Researchers at the University of Minnesota have found that a child's need for material objects is tied to his or her self-esteem. The weaker their self-esteem, the greater their desire for the material trappings of adolescent popularity, according to the study published in the current issue of the Journal of Consumer Research.

Until recently, little research has probed what triggers materialism in children. "It's always such a mystery trying to understand why children, and particularly teens, do what they do," said Deborah John, who co-authored the study.

"This should be a good lesson for parents being pestered for all these very expensive things."

To figure out why children covet the iPod and Nintendo at $400 a pop, Dr. John, a marketing professor, and her colleagues conducted two studies. In the first, they examined 150 youngsters - 50 each from three age cohorts: 8-to-9-year-olds, 12-to-13-year-olds and 16-to-18-year-olds. They then asked the kids a series of questions about their self-esteem and had them create a collage of items that made them happy.

Those with low self-esteem were more likely to arrange a hodge-podge of cars, money, jewellery, sports equipment and - among the youngest bunch - stuffed animals. The children with high self-regard assembled images related to friends, family and outdoor activities such as camping.

A striking correlation emerged from the results. For the 8-to-9-year-olds, self-esteem was relatively high and materialism relatively low.

But those results reversed for the middle group. Self-esteem nosedived among the 12-to-13-year-olds, while the desire for big-ticket items peaked.

By the late teens, the children had recovered most of their pre-teen self-regard and asceticism.

"I'd always wanted to know why all of a sudden a child can hit 12 or 13 and become an absolute pester machine," said Dr. John, who has two former pre-teens of her own, now aged 17 and 21. "Well, it's because they have this low self-worth and they've figured out that they can use brands and possessions to signal certain things about themselves."

When Dr. John saw the correlation, she wanted to devise a surefire method of curbing that pre-teenage materialism. As a second part of their study, researchers discovered that propping up a child's self-esteem is as simple as giving them a well-earned compliment.

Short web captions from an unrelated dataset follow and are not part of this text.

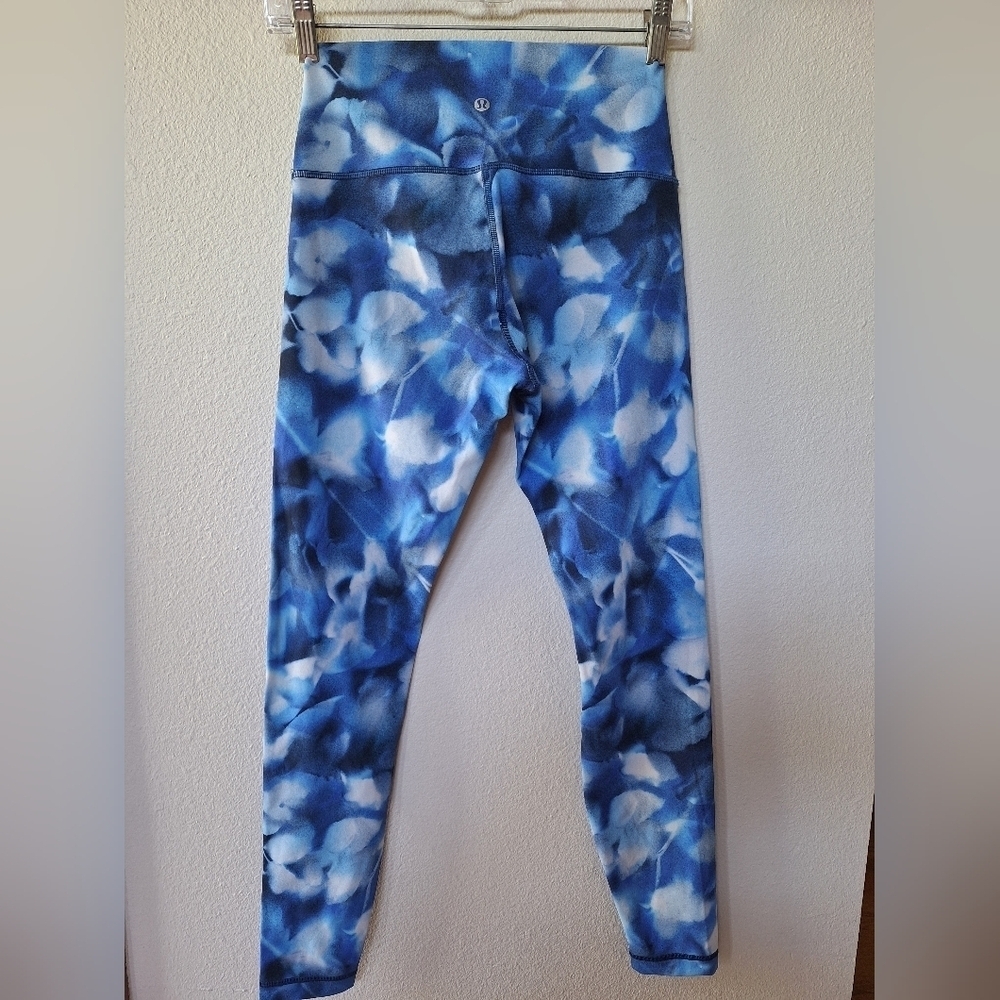 Lululemon Wunder Under Leggings. Womens size 6 - Picture 5 of 5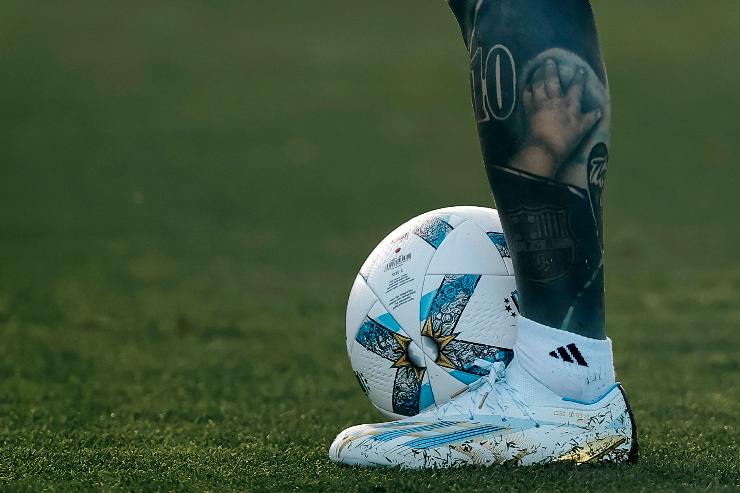 Messi tatuaggio gamba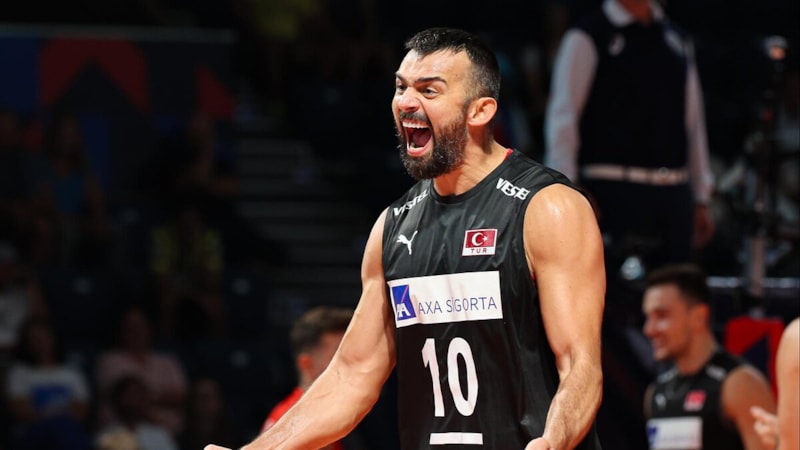 Arslan Ekşi, A Milli Takım'a veda etti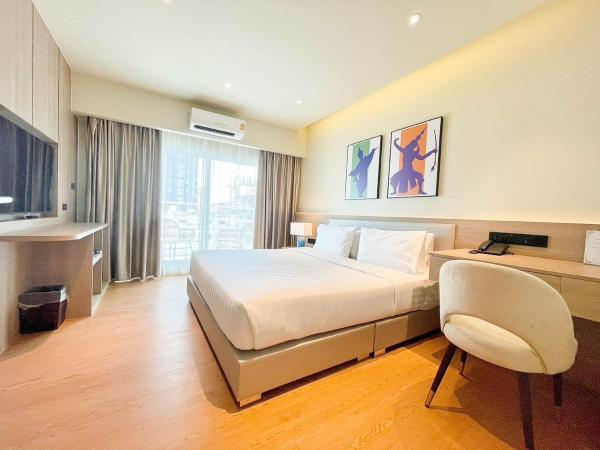 The One Bay Breeze : photo 1 de la chambre chambre double ou lits jumeaux deluxe avec balcon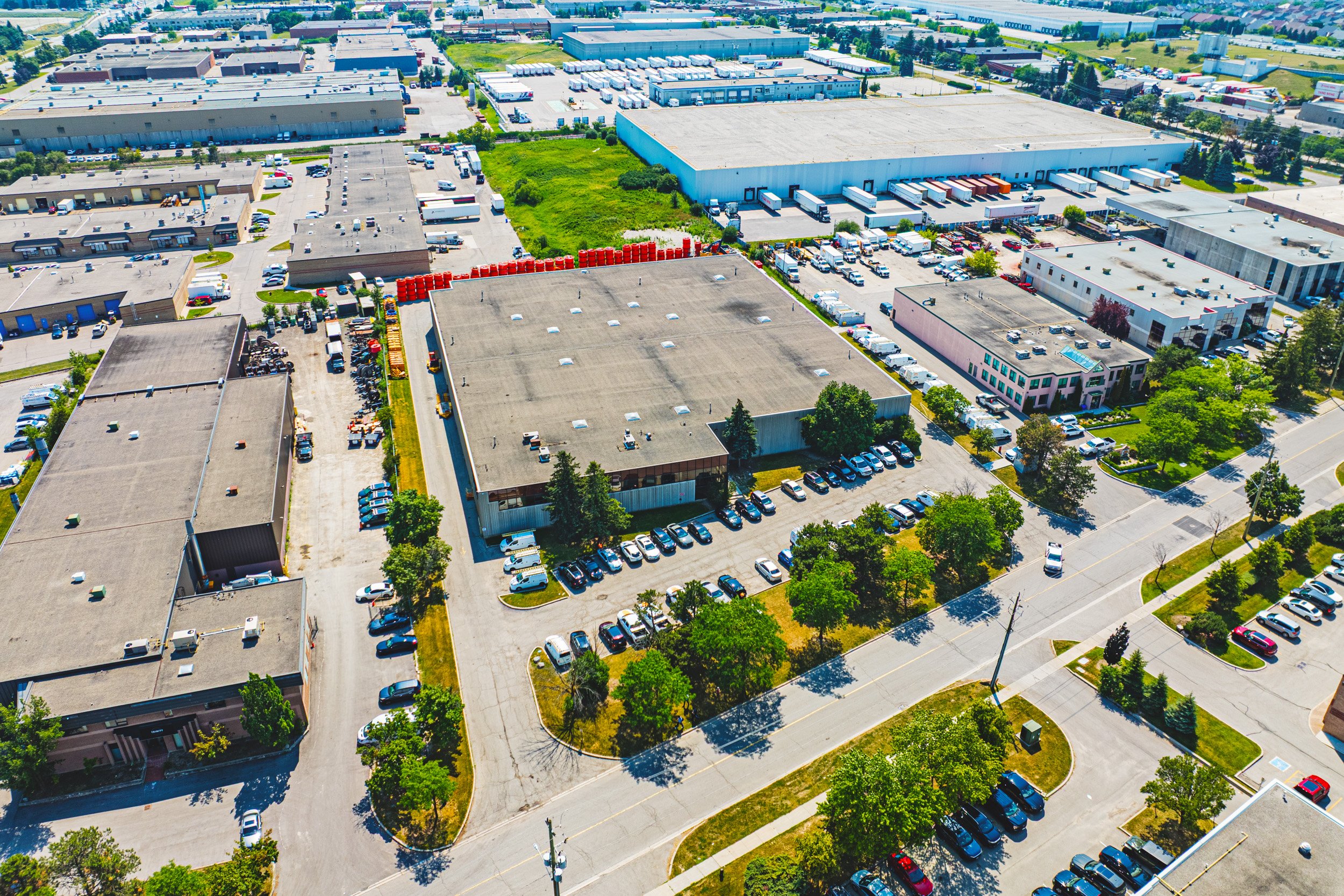 34 - 8 Edvac Dr, Brampton.jpg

In the second study, she looked at 12-to-13-year-olds in summer camps and found that children who were given paper plates bearing compliments such as "smart" and "fun" immediately reined in their materialistic tendencies.

"It really surprised us to see how much a small compliment can make a difference," Dr. John said.

But too many parents do exactly the opposite, child experts say, caving to their child's every request for clothes and electronics. In effect, they become complicit in suppressing their kid's self-regard.

"You end up creating a Britney Spears effect," says Michael Ungar, a professor at the School of Social Work at Dalhousie University and the author of several books on youth. "You are telling them that 'you are what you have.' It's all very superficial."

Dr. Ungar suggests including kids in holiday cooking and decorating as a way of propping up a child's self-esteem. "We have to offer them a way of asserting an identity," he said, "rather than buying one."